Bye Bye, Chiang Mai

January 9, 2009 - 9:15 am No Comments

Our last full day in Chiang Mai consisted of an elephant show (funny), an elephant ride trough the jungle (bumpy), an ox cart ride (very bumpy), and bamboo rafting (called “lafting” by Peter) at Maetaman Elephant Camp. Laughs all around when, while on our elephant ride, the animal in front of us dropped about 50 pounds of shit into the river and I said, in perfect Thai, “arroy ma,” meaning “very delicious.”

After each activity, the only way out was through a cluster of souvenir stands, all selling the same crap as each other and what we saw at the Night Market the evening before. Like I saw in Peru, I think all the “authentic,” hand-made souvenirs sold by street vendors are mass-produced in a factory somewhere and then sprinkled all around town. Someone is making a killing.

Elephant Rider

Elephant Painting

Elephant Bum

Doug & Jeff on an Elephant

Elephant Pisses

Doug & Jeff on the Bamboo Raft

We also went to a monkey show and stopped at the unimpressive palace belonging to Thailand’s last princess.

Monkey Doing Push-ups

Monkey in a Cage

Our last activity of the day was a stop at the traditional village of the Padong people, also known as the “long-necks.” The women in this tribe have a growing number of metal rings placed around their necks as they get older, elongating them and making them more “beautiful.” I was pretty excited about this stop, hoping to get some National Geographic-like pictures. Instead, the whole experience was depressing and awkward.

Padong Girl

Padong Woman

Padong Children

As we followed the main path through the village, long-neck women sat in front of souvenir stands, each one selling the same crap. None were smiling, all looked depressed. They chatted and giggled amongst each other, but when a tourist came near, they would stop talking, turn towards the street, and do something “traditional,” like fidget with a loom, play a strange musical instrument, or hold their baby close and look all poor and hungry. Since we paid a fee before entering the village, Peter encouraged us to take all the pictures we wanted, but it didn’t feel right. On the one hand, these people were on display like zoo animals, and on the other, their existence was not at all authentic. I got some shots, but I have mixed feelings about them.

Padong Woman

Padong Girl

Padong Girls

Padong Girl

Rice Paddies of Baan Tong Luang

Padong Man

Padong Woman & Baby


Between destinations, Peter got into the habit of making unplanned stops at places where he surely received kickbacks: a jade factory, a celadon ceramics factory, a carpet manufacturer. After suggesting additional stops at a lacquerware factory and a silk manufacturer, we got tired of his shenanigans and politely declined.
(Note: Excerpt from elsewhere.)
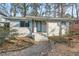 Stylish home featuring blue accents, painted brick, and detailed landscaping at 2603 Legion Ave, Durham, NC 27707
Before leaving Peter, we had a quick snack with him at noodle place on the corner. I had the most wonderful dessert, called something like “tap tin krop.” Coconut milk with red jelly things and noodly things in it, topped with crushed ice. Very delicious and refreshing.

Last night, we went to our favorite hangout (Riverside Bar) to see our favorite band (The Bugs). They played U2 for me and, knowing it was our last night in Chiang Mai, posed for some pictures with us.

The Riverside

Us & The Bug

We enjoyed Chiang Mai, finding it to be a little more genuine than Bangkok. You have the same kinds of people trying to take advantage of the tourists (tuk-tuk drivers, tour leaders, street vendors), but there are fewer of them and they are less aggressive.

The most stress-relieving news of the moment is that the rest of the flights for our trip are booked. Took a bit of back and forth with the airlines, airports, and Internet fare searching, but it’s done. Tomorrow, we’re off to Luang Prabang (LOO-ONG-PRAH-BANG), a small, highly recommended town in Laos (rhymes with HOUSE). We’ll be there a couple of days before heading off to Siem Reap (pronounced SEE-EM-REE-UP by the Thais but SIM-REEP by the Cambodians, I would later learn), location of the enormous temple and photographer’s paradise known as Angkor Wat.